Attacks kill 3 Iraqi soldiers, 3 police

Attacks kill 3 Iraqi soldiers, 3 police

BAGHDAD - A roadside bomb targeting a police patrol in a Sunni-dominated neighborhood of Baghdad killed two officers on Sunday, while a third officer in the neighborhood was shot to death on his way to work, police said. North of the capital, another roadside bomb struck an Iraqi army patrol, killing three soldiers, an officer said.

Although roadside bombings, targeted killings and abductions remain daily occurrences, violence in Iraq has dropped to levels not seen since January 2006, just before the bombing of a Shiite mosque in Samarra unleashed large-scale sectarian bloodshed that left thousands dead.

American officials have warned that without progress toward power-sharing agreements among Sunni Arabs, Shiites and Kurds, the security gains may be unsustainable. Still, attempts to reconcile Iraq's fractious politicians have proven difficult for the Shiite-dominated government.

Long-running disputes boiled over this past week when Iraqi troops surrounded the home of one of Iraq's most powerful Sunni Arab lawmakers after the discovery of a car bomb near his office. U.S. and Iraqi officials said the keys to the vehicle were found on one of Adnan al-Dulaimi's bodyguards.
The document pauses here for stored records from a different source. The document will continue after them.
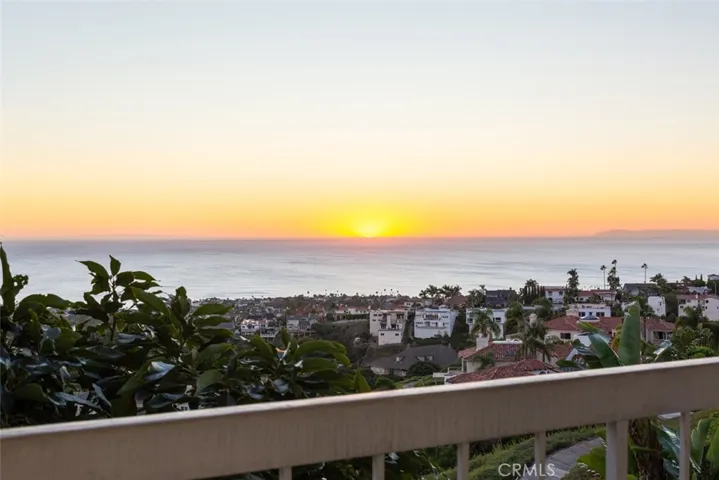 517 Avenida Del Verdor, San Clemente, California 92672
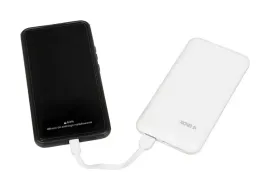 ibox-power-bank-pb10-10-000-mah-power-delivery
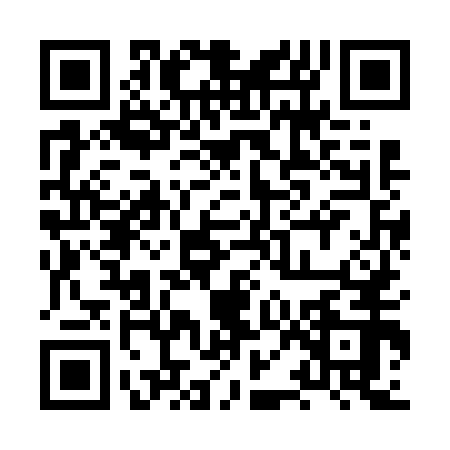QR code for 8PIF525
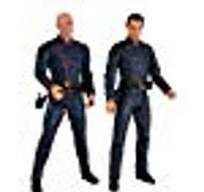 Battlestar Tigh Gaeta Battlestar Galactica: Tigh And Gaeta 2 Stargate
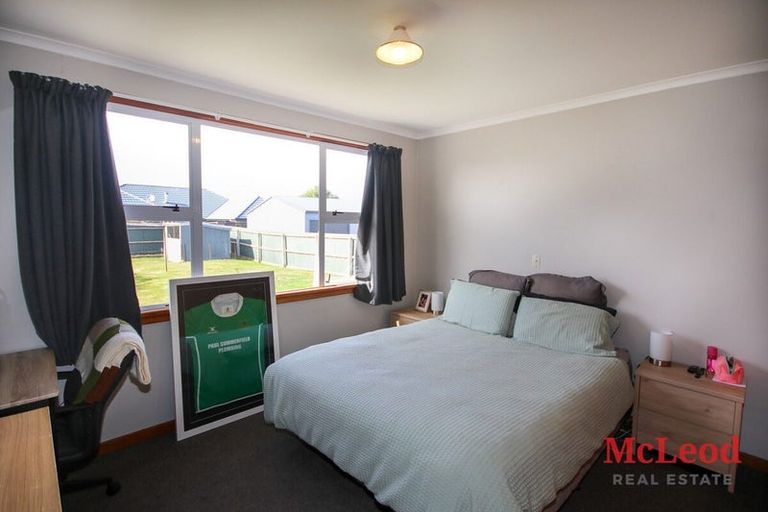 Photo of property in 10 Bathurst Street, Allenton, Ashburton, 7700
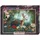 ATHESIA KALENDERVERLAG GMBH Jackalope Puzzle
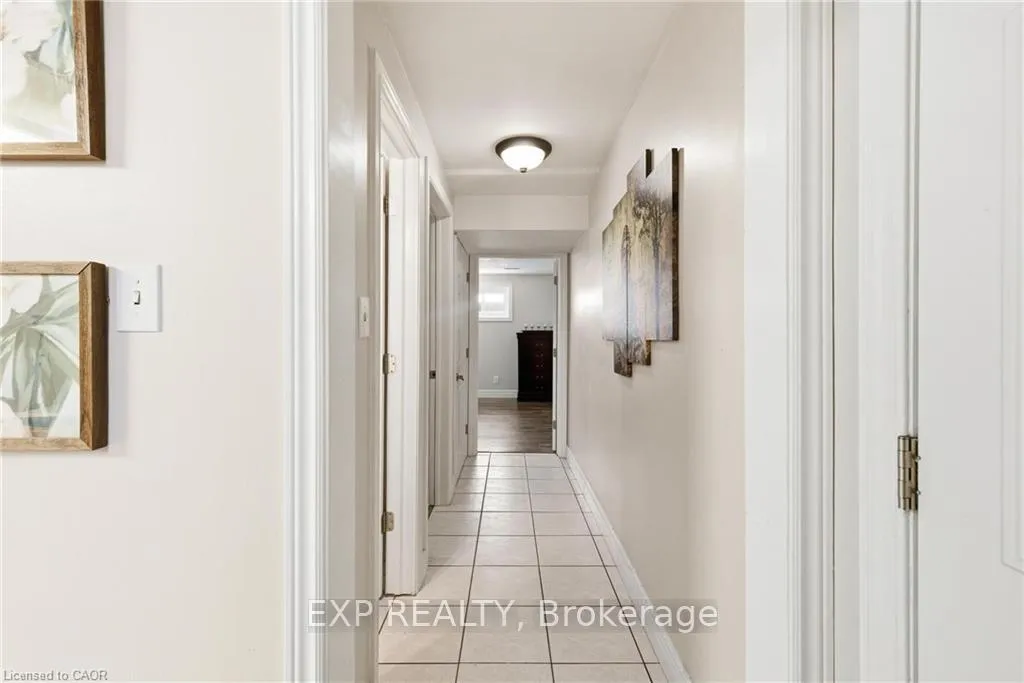 Photo 21 of 364 Roselawn Place, Waterloo, North Lakeshore — HOMEH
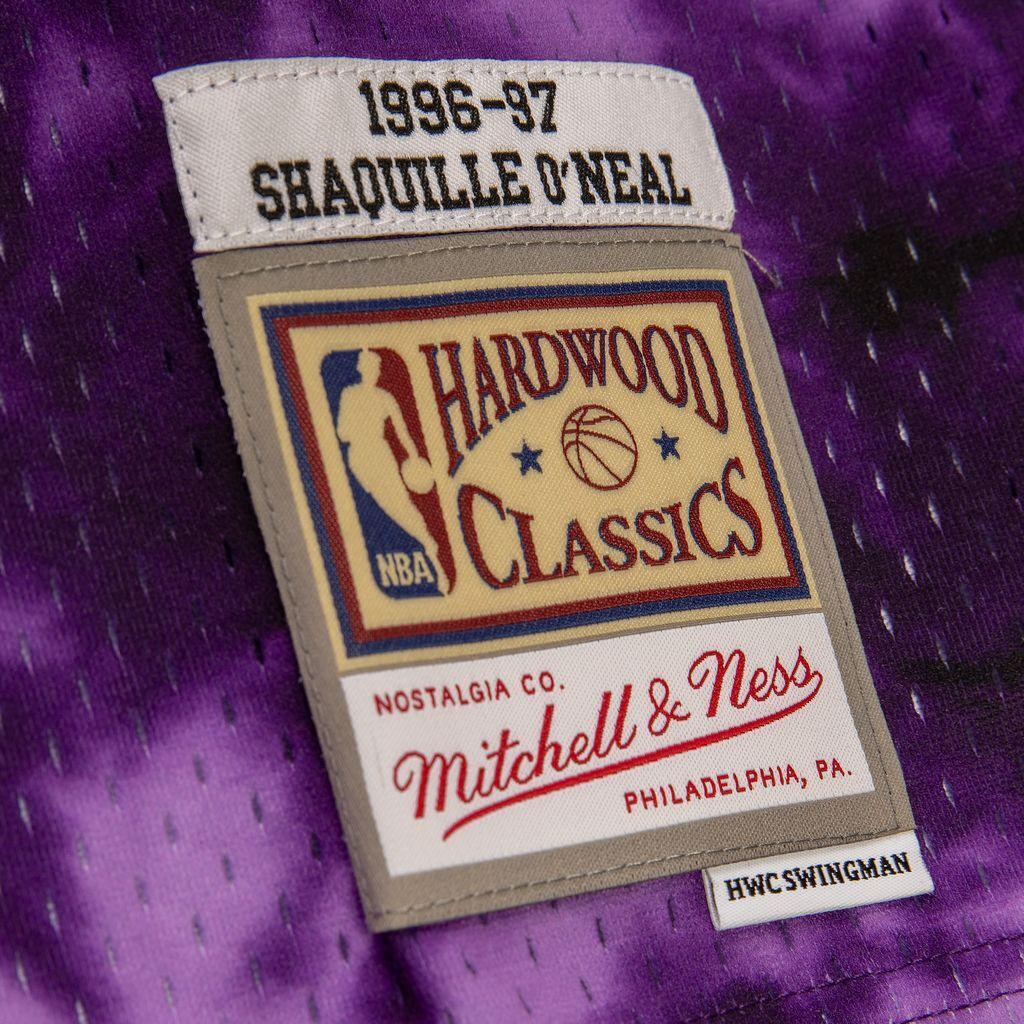 product/m/i/mitchell-ness_smjykm19053-lalpurp96son_purple_4.jpg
On Sunday, al-Dulaimi accused the government of trying to silence him with what he described as virtual house arrest.

"They want to keep me silent and not raise my voice to defend the rights of the Iraqi people and detainees," al-Dulaimi, head of parliament's largest Sunni bloc, told The Associated Press in a telephone interview from his house in western Baghdad.

The Shiite-dominated government has insisted al-Dulaimi is being held for his own protection, since his security detail was arrested after the discovery of the bomb. But his Sunni allies in the Iraqi Accordance Front accuse their Shiite peers of waging a smear campaign against him.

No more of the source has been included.